Il s’en déduit que ledit Livret physique a cessé d’être utilisé pour les opérations financières effectuées par Monsieur [G] [Y] à compter du 23 novembre 2003 et ce dernier ne produit pas de relevés bancaires – qui ont pris la suite du Livret A dématérialisé à compter du 23 novembre 2003 – pouvant attester de la conservation des fonds à hauteur de la somme revendiquée tant dans l’instance en cours que lors de sa réclamation écrite à sa nouvelle agence [Adresse 7] à [Localité 9], en date du 25 août 2022.
Monsieur [G] [Y] échoue ainsi à justifier de l’obligation de la banque à lui restituer ces fonds.
Parallèlement, il résulte de la pièce 1 produite par la CEIDF que le compte [XXXXXXXXXX01] (correspondant au 11 derniers chiffres du Livret A n°[XXXXXXXXXX03] [XXXXXXXXXX01]) a fait l’objet d’une clôture le 4 mars 2010 avec mention d’un capital d’un montant de 145,52 euros et d’intérêts nets payés à la clôture d’un montant de 0,30 euros.
Dès lors, la CEIDF justifie d’un fait qui a produit l’extinction de son obligation.
Par ailleurs, Monsieur [G] [Y] n’apporte aucun élément permettant d’étayer son affirmation de clôture unilatérale par la banque alors que les documents bancaires produits sur la période 2016 à 2021 attestent des comptes détenus par Monsieur [G] [Y] parmi lesquels ne figure pas le Livret A litigieux, sans que ce dernier s’enquière du Livret A avant le 25 août 2022.
Enfin, s’agissant de la faute de la banque soulevée par Monsieur [G] [Y] en ce qu’elle n’aurait pas respecté la procédure de clôture des comptes inactifs, il sera relevé que la loi (dite loi Eckert) n° 2014-617 du 13 juin 2014 applicable au 1er janvier 2016 est inopposable à une clôture opérée en 2010.

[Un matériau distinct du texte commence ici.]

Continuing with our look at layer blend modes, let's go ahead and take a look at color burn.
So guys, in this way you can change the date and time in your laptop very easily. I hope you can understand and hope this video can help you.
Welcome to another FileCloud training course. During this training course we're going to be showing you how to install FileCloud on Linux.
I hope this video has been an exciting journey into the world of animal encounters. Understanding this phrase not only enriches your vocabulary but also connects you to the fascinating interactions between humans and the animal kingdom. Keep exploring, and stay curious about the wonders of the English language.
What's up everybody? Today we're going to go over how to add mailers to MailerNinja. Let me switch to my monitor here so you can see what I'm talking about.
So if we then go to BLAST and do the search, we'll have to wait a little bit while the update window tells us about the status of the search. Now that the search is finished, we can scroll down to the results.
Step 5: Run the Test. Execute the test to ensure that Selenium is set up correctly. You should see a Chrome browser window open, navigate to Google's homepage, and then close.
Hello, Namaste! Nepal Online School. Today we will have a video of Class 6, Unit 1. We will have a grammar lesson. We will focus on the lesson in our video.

Il n’est donc pas établi de faute de la banque, concernant le Livret A litigieux, sur le fondement des dispositions des articles L.312-19 et L.312-20 du code monétaire et financier en matière de clôture des comptes inactifs et transfert des avoirs à la Caisse des Dépôts et Consignation.
Il convient par conséquent de débouter Monsieur [G] [Y] de sa demande en restitution des fonds de son Livret A avec intérêts au taux légal et capitalisation des dits intérêts outre la condamnation de la CEIDF au paiement sous astreinte.

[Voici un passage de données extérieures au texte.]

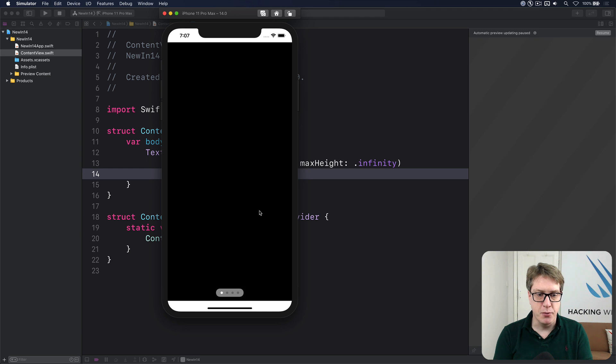Boom. There we go. And our paging content looking really nice.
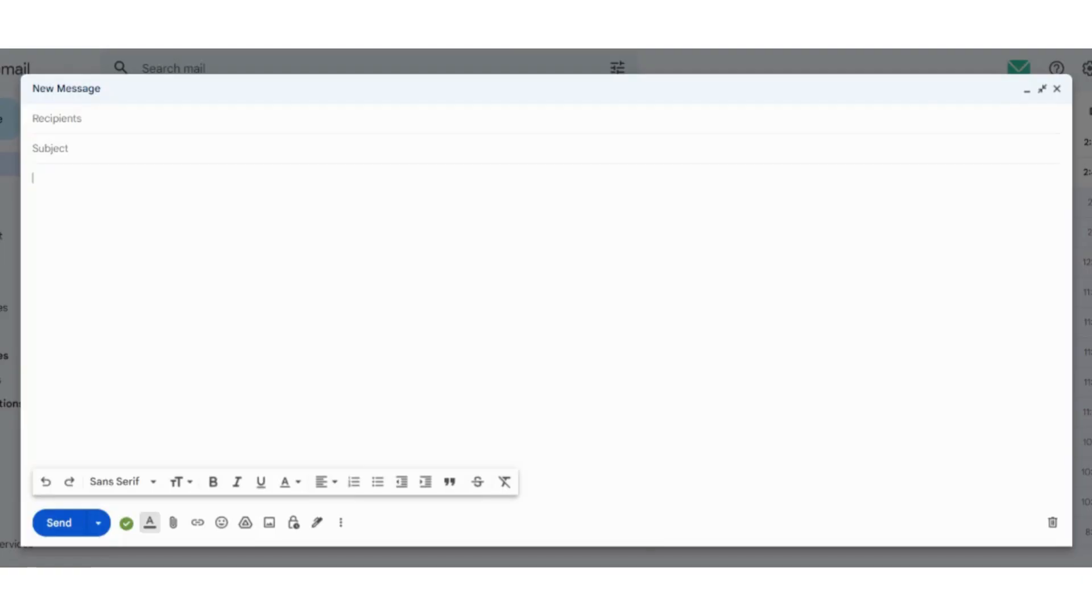First of all, we need to compose a new message in Gmail. When we do that, this will pop up here. If you see this, we have a little padlock icon which is the toggle confidential mode icon.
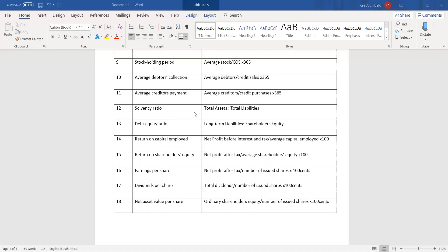This all comes from practice, so it's very important to do lots of past papers — this section is very theory heavy. The next is the debt equity ratio, which is all long-term liabilities to shareholders' equity. You would rather have more shareholders' equity than long-term liabilities, but like the solvency ratio, you don't want too big a difference, because if there's a very massive difference, you could have more debt and grow your business.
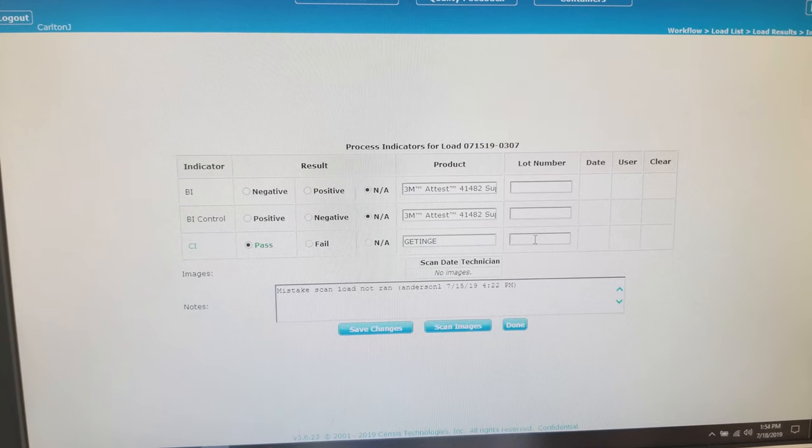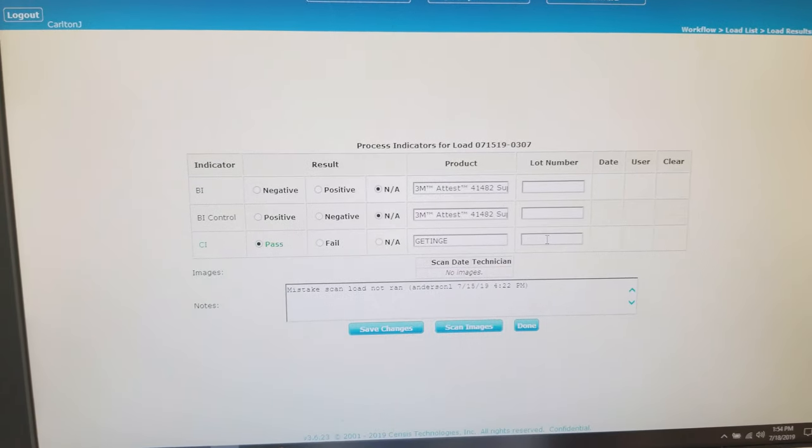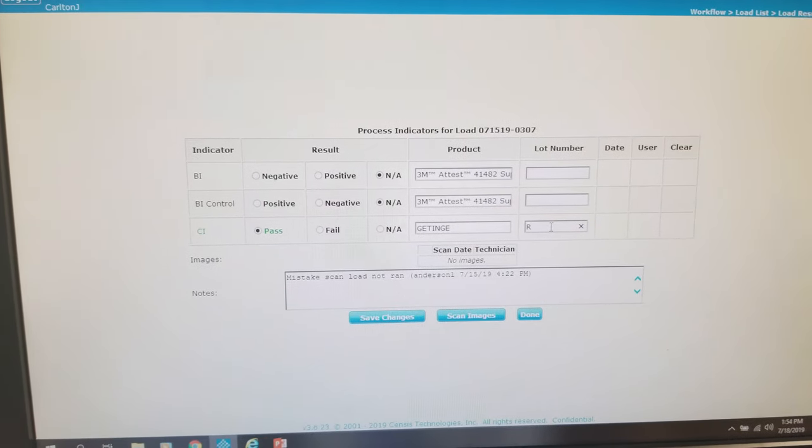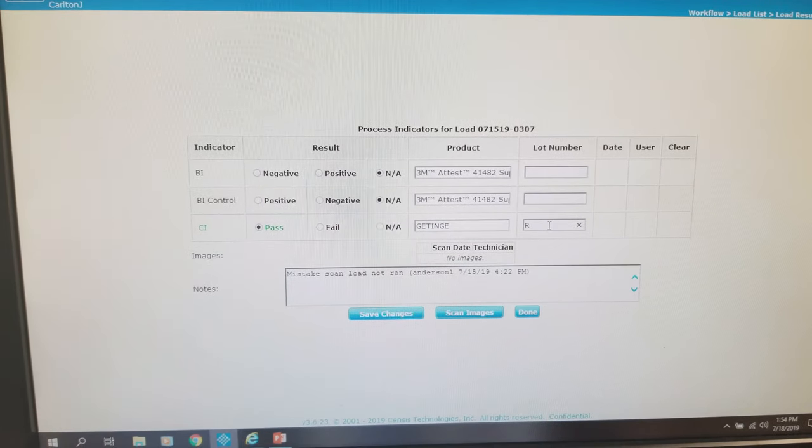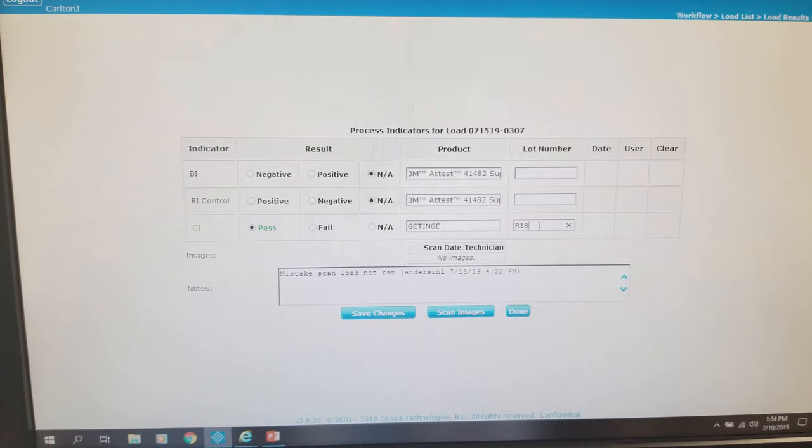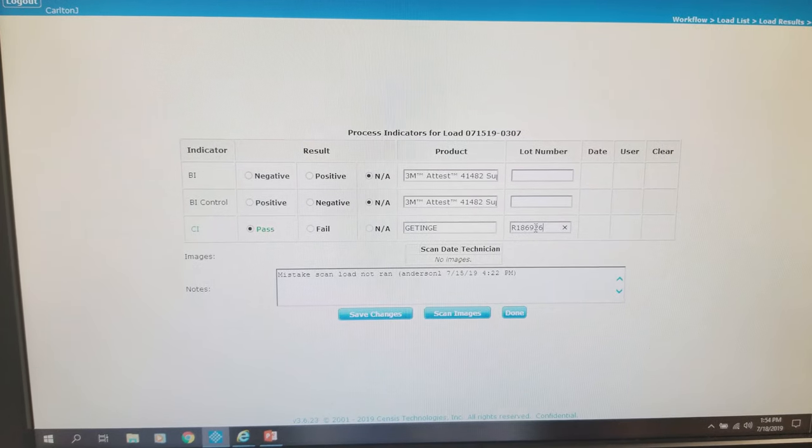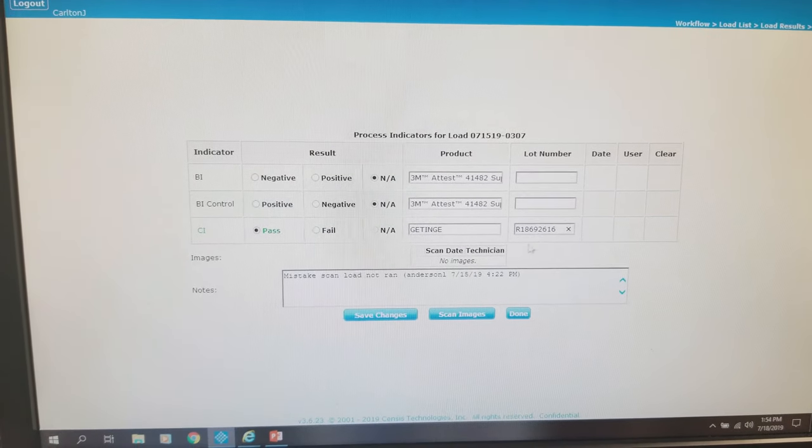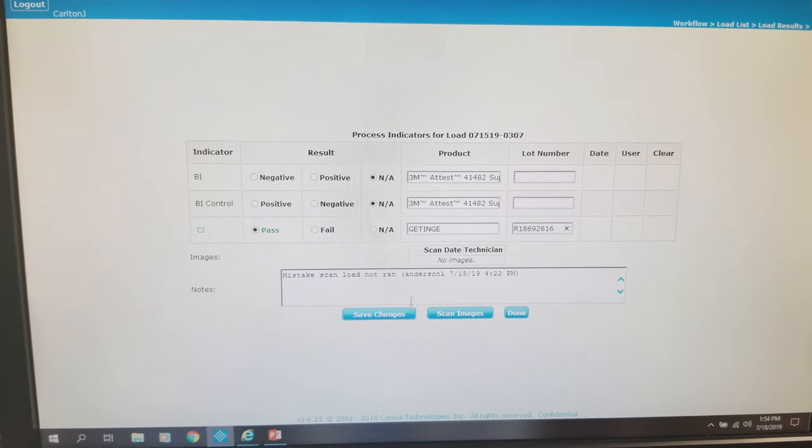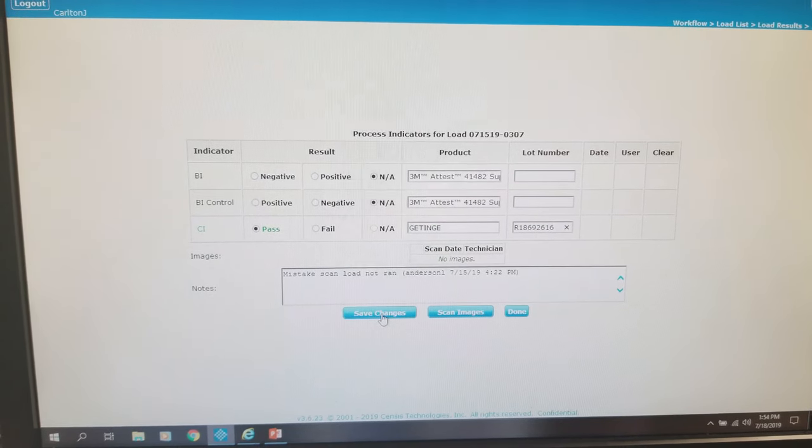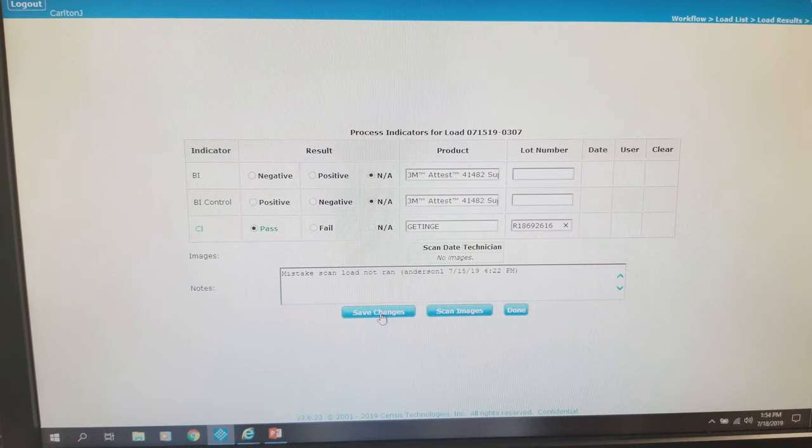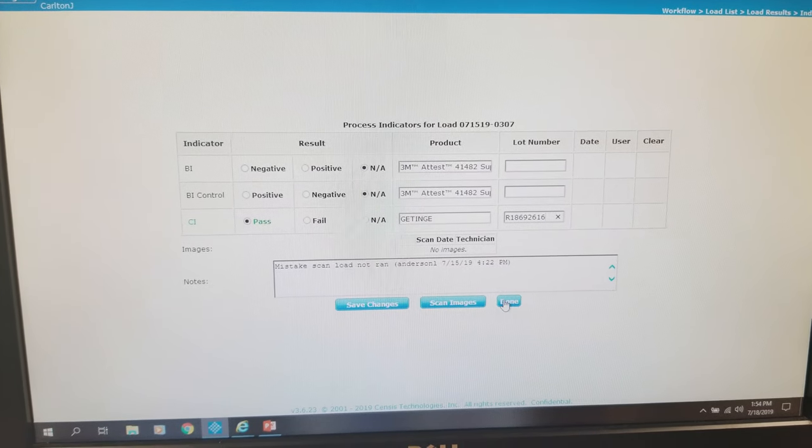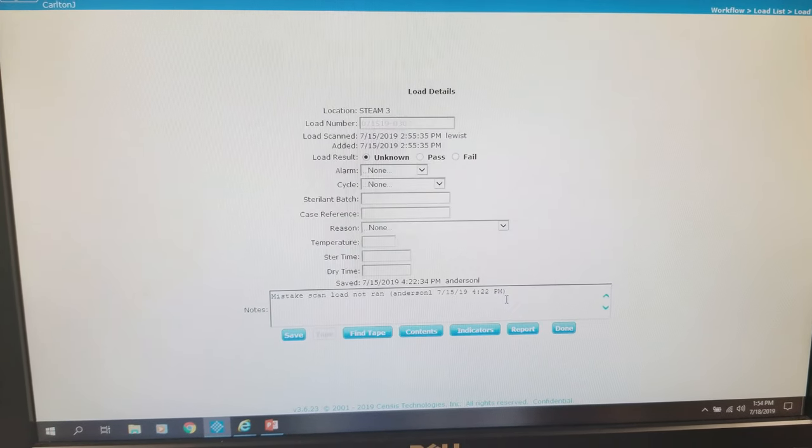Now we want to go to our indicators page and select NA, NA as we have not run a biological. Then we want to click pass or fail for our CI and put in our lot number on our CI, and then click save.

Sur la demande de dommages et intérêts
En application de l’article 1240 du code civil, il est de jurisprudence constante que la faute, même non grossière ou dolosive suffit, lorsqu’un préjudice en résulte, à justifier une condamnation à des dommages-intérêts pour abus du droit d’agir en justice ou de résistance abusive.

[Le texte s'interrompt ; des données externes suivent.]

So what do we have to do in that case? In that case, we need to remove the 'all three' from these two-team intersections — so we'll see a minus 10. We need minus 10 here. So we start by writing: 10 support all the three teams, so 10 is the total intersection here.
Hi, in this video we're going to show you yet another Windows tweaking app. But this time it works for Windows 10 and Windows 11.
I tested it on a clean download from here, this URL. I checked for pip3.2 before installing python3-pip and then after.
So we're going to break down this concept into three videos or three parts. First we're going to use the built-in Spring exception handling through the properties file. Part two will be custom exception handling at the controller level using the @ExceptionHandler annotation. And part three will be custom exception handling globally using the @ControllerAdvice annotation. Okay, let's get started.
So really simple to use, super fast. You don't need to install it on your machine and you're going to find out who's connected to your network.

En l’espèce, en l’absence de faute caractérisée de la banque, la demande sera par conséquent rejetée.
Sur les demandes accessoires
Monsieur [G] [Y] partie perdante, sera condamné aux dépens en application de l’article 696 du Code de procédure civile et débouté de sa demande au titre de l’article 700 du code de procédure civile.
Il sera par ailleurs condamné à verser à la CEIDF la somme de 1 000 euros au titre de l’article 700 du Code de procédure civile.
En application de l’article 514 du Code de Procédure civile, l’exécution provisoire, de droit en la matière, ne sera pas écartée.
PAR CES MOTIFS,
Le juge du tribunal judiciaire de Paris, statuant publiquement et en premier ressort par jugement contradictoire mis à disposition au greffe,
DÉBOUTE Monsieur [G] [Y] de l’ensemble de ses demandes;
CONDAMNE Monsieur [G] [Y] aux dépens de l’instance ;
CONDAMNE Monsieur [G] [Y] à verser à la CAISSE D’EPARGNE ET DE PREVOYANCE D’ILE DE FRANCE, située [Adresse 4] [Localité 6] la somme de 1 000 euros au titre de l’article 700 du Code de procédure civile ;
Ainsi jugé et prononcé par jugement signé les jour, mois et an susdits par le président et le greffier susnommés et mis à disposition au greffe.